# Need landscape design program



## red carpet (Nov 25, 2005)

Does anyone on the list have an easy to use landscape design program? I am looking for a program that will let me put a photo of a house or whatever and put in plants, water feature, arbor, ect. Any input will help. Thanks


----------



## Crawdad (Jul 20, 2005)

I don't do much landscape design, mostly maintenance. But, here's a website with reasonably priced software. 
http://www.nothingbutsoftware.com/
Put "landscape" into the search box, and you'll find quite a bit.
Crawdad


----------



## Always Greener (Dec 22, 2005)

I have a few great programs but what are you looking for? CAD, drag n drop, and price range.. I would be glad to help just let me know what your needs are.


----------



## NasConst_land (Nov 28, 2005)

For a Landscape program to do layouts and such, Punch Software makes a decent program. Cant do much with it outher then overhead veiws of layouts, You can make plants lists and things like that though. Its in expensive and works alright. 

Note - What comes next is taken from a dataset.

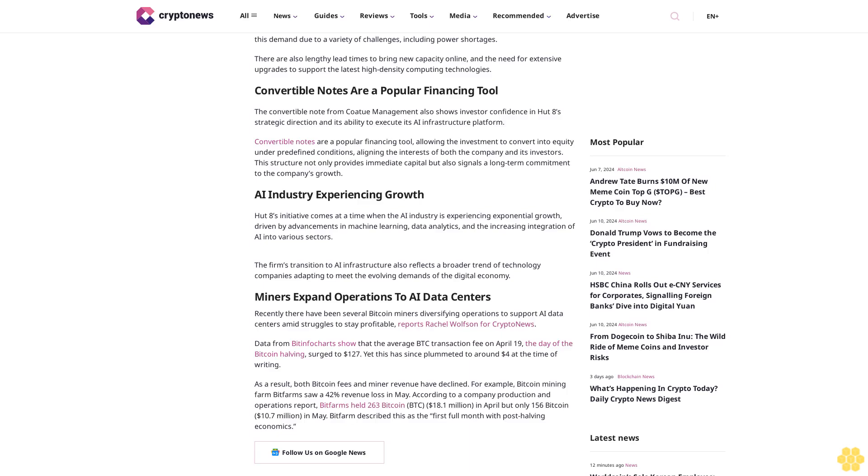According to a company production and operations report, Bitfarm held 263 Bitcoin, $18.1 million, in April but only 156 Bitcoin, $10.7 million, in May. Bitfarm described this as the first full month with post-halving economics.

Anyone have an estimating program? Say like you have a database of certain items like say, Antara Pavers and you have your unit price then you would type in say 3000 units.. being 3000 sq feet, and it would give you the price. I have a very basic estimating program right now, and would like to be able to do more with it. 

Also do you just use Auto Cad for your Cad program? Thats all I have ever known, dont even know of any other Cad programs

Also would like you have a new Accounts program, Right now I am useing ACT which is just like a database of clients, when you make phone calls, send invoices and stuff like that. I have the limited version maybe just an upgrade would do. With having more accounts and expanding most of the stuff I have just wont cut it anymore.


----------



## rikanit (Nov 28, 2005)

NasConst, you may want to check out quickestimator. They offer a free trial version you can download for you to try out before you purchase. I tried it and found it fairly simple to set up and it did offer some pretty nice additional features. 

However, I have so much time invested in setting up Quickbooks to accomadate my own little quirks I decided to pass after the trial period expired. Might be worth a look for you.


----------



## red carpet (Nov 25, 2005)

always the ideal program would be drag and drop but I would love to be able to ad ponds, lakes, trees by age, ECT. price doen't really matter if it is what I am looking for. Bottom line something easy and simple. Oh also for a mac. Thanks


----------



## Always Greener (Dec 22, 2005)

Take a look at these and let me know if you need more. We have both of them but my team still likes to hand draw everthing and likes the cad programs. I do have more listings but now your talking big money.

http://www.prolandscape.com/

http://www.growitgold.com/


----------



## Always Greener (Dec 22, 2005)

Take a look at this one.. :thumbsup: 

http://www.eaglepoint.com/landscape/


----------



## NasConst_land (Nov 28, 2005)

Ag

Do you use the eaglepoint program, This looks like a great program from what I saw on their page. Just wondering how it works for you, if you happen to use it.


----------



## Always Greener (Dec 22, 2005)

Just like anything eles it takes time to learn. Are you using AutoCad Standalone or Microstation?


----------



## NasConst_land (Nov 28, 2005)

I use Autocad, but Im the only one out of the 3 estimators that know how to use it. I took 3 years of classes for the program and still am not great with it, but its a tough program to use. I like that Eagle Point Program, its more geared toward landscaping and seems like itd be a little easier to use. I think we are gonna purchase it and try to use that this year, see how it goes.


----------



## Always Greener (Dec 22, 2005)

They do have a 30 day trial period. Try that first before spending your money..


----------